Las Vegas Sun

March 29, 2024

Recruiting tool for schools or hot potato

Presidents of Nevada's public higher education campuses have an idea how to improve recruiting - but regents don't want to touch it for legal and political reasons.

The idea: Extend the benefits of employment in the Nevada System of Higher Education to domestic partners.

It's an issue regents haven't wanted to tackle. The last time it came up for discussion, 18 months ago, they tabled it for further study.

University and college presidents decided their best bet was to bypass regents and directly petition the Public Employee Benefits Board. The board will discuss the issue when it meets Wednesday in Carson City.

Although regents couldn't extend the benefits without the benefits board's approval anyway, there is strong sense among higher education officials that regents were glad to pass the buck altogether.

"People were happy when we elected to move forward on our own," UNLV President David Ashley said. Presidents view the benefits as another way of recruiting and retaining faculty.

But extending benefits to gay or unmarried heterosexual partners is often framed as either a moral issue going to the heart of family values or about fairness and equality.

Either way, several regents didn't want it to be used as a litmus test against them when they come up for reelection.

"Nevada is not the most progressive state out there," said David Damore, political science professor at UNLV. "My guess is that they just want to kick the can down the road a little and wait for someone else to take the jump.

"You can sort of picture the attack ads in your mind. Regent X votes to give gay partners tax-funded benefits, furthering the liberal agenda."

Other public boards have similarly passed on taking a stand on the domestic partnership issue. In 1999, when the Clark County Commission considered extending benefits, the district attorney issued an opinion stating that state law forbids extending benefits to domestic partnerships because of its definition of "spouse." Rather than challenge the opinion, county officials lobbied the 2001 Legislature for a change in state law. The Assembly bill failed.

Because of uncertainty over whether benefits can be extended to domestic partners, the Las Vegas City Council has not taken up the issue.

Clark County School District teachers receive domestic partner benefits through their union.

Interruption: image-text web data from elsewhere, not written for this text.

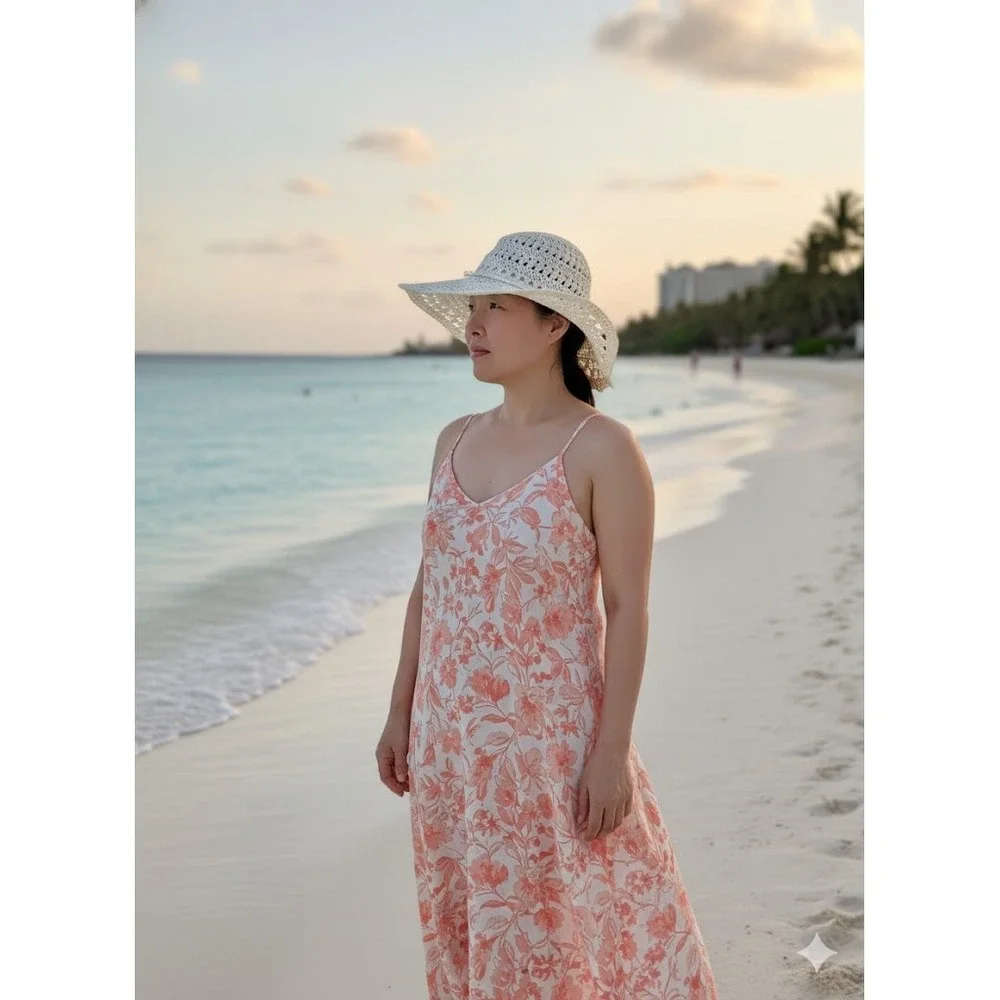Scala Collezione Woven‎ Toyo Straw Sun Hat Wide Brim Summer Beach OS
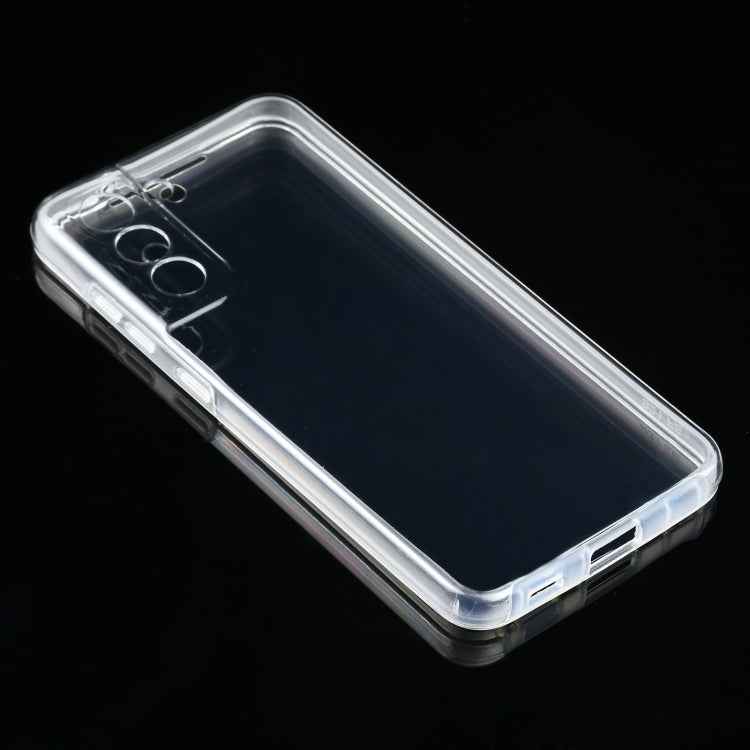 For Samsung Galaxy S21 FE PC+TPU Ultra-thin Double-sided Full Coverage Transparent Soft Case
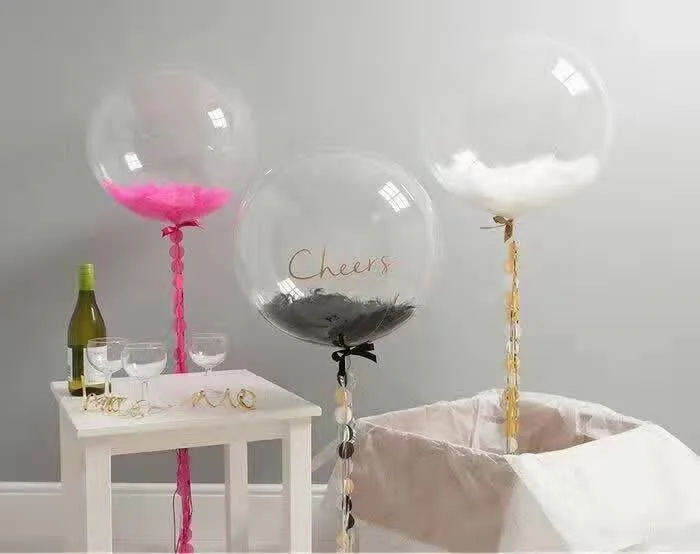 6inch Clear Creative Bobo Balloons For Wedding Birthday Party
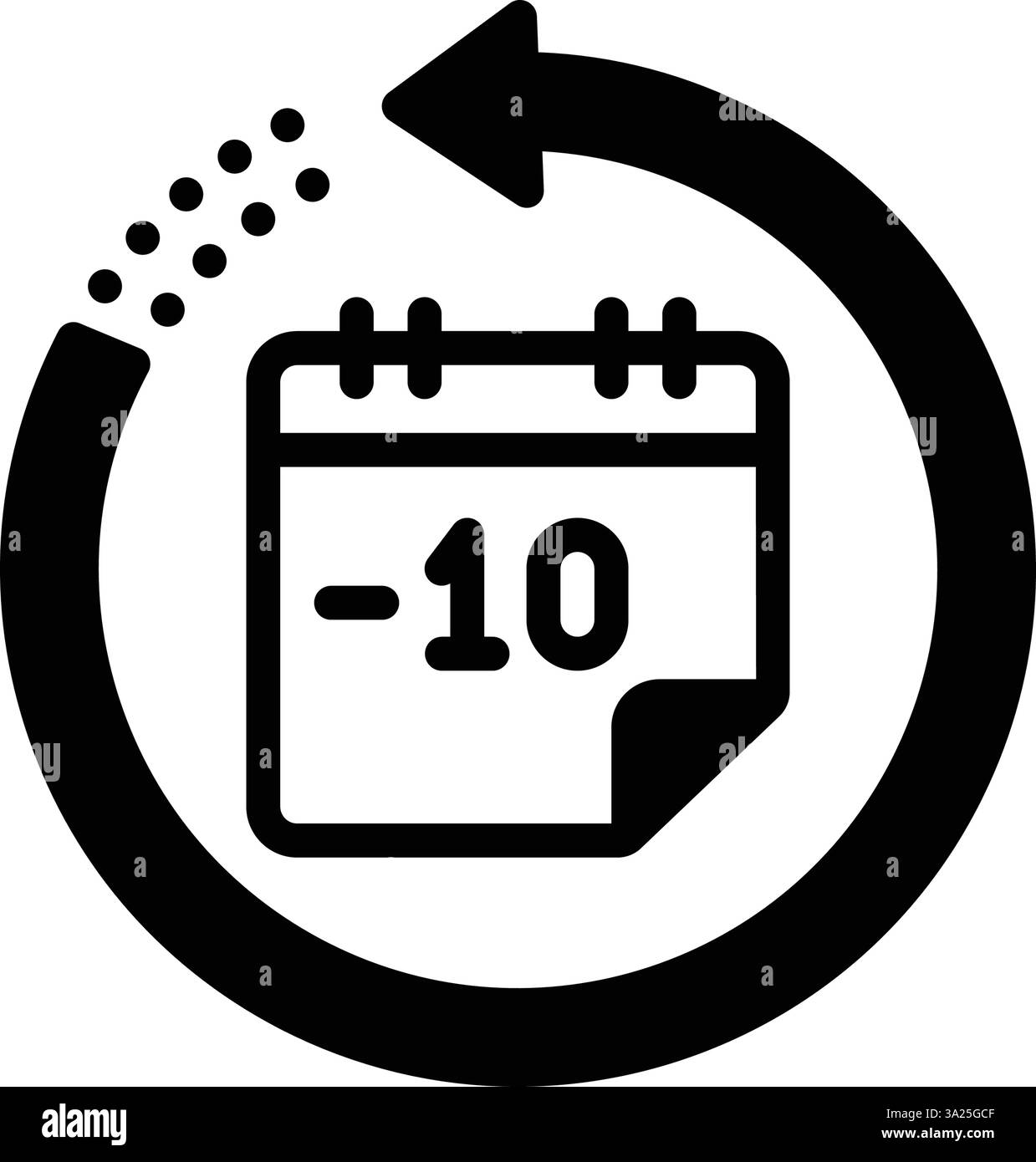 Icône pour hier, ordre du jour Illustration de Vecteur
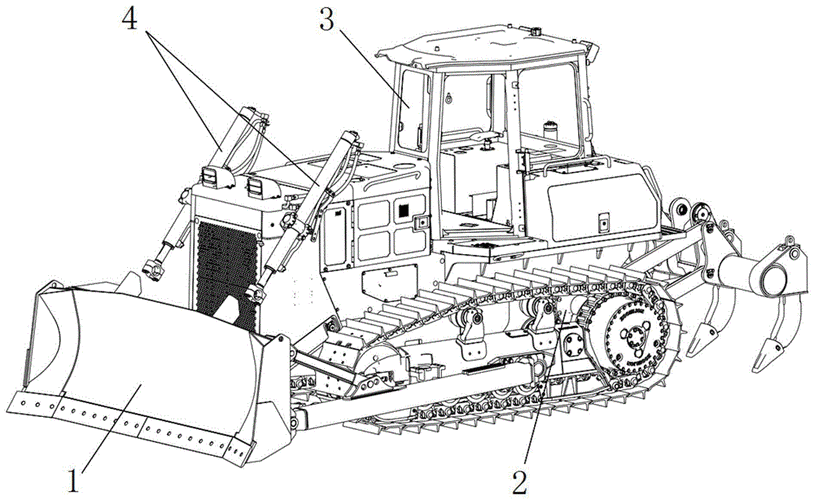 推土机三大件包括什么（推土机主要由哪几部分组成的?）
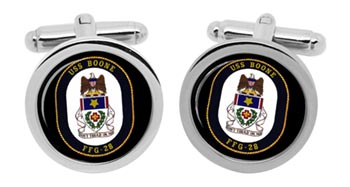 USS Boone (FFG-28) Cufflinks in Box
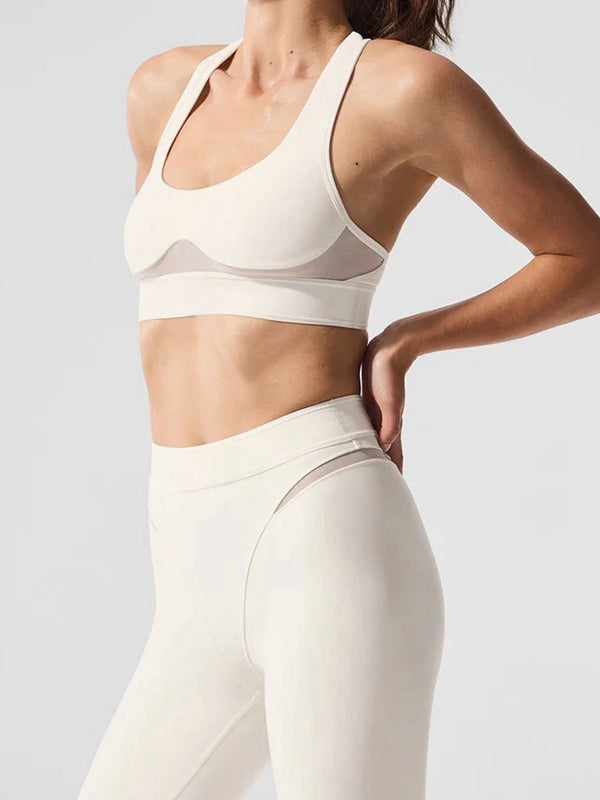 ZASUWA Women's Sexy Sheer Mesh Push Up High Waisted Leggings - Tummy Control & Hip Lift for Workout, Yoga & Night Out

The Coalition for the Protection of Marriage, a conservative family values organization, championed a state constitutional amendment that voters approved in 2000 and 2002 that defined marriage as between a man and a woman. It was that law that arguably deprives domestic partners of state benefits. And the Legislature has refused to expand the term spouse to include domestic partners.

Richard Ziser, one of the leaders behind the constitutional amendment and current chairman of family values group Nevada Concerned Citizens, thinks that given the lack of action by the Legislature and the regents, the benefits board shouldn't take action either.

"If they are going to do something on this it needs to be in public," Ziser said. "Two elected bodies have refused to act on this issue and it doesn't seem right to now push it through a nonelected board."

Regent Michael Wixom - who, like Ziser, opposes domestic partnerships because they aim to redefine a marriage relationship - thinks that the benefits board is the right body to decide the issue because of its expertise in handling benefits.

Wixom said he wasn't worried about discussing the issue for political reasons, but for legal ones - whether regents even had the authority to approve benefits for domestic partners.

"It made no sense to bring that kind of decision before the board that can't make the decision anyway," Wixom said.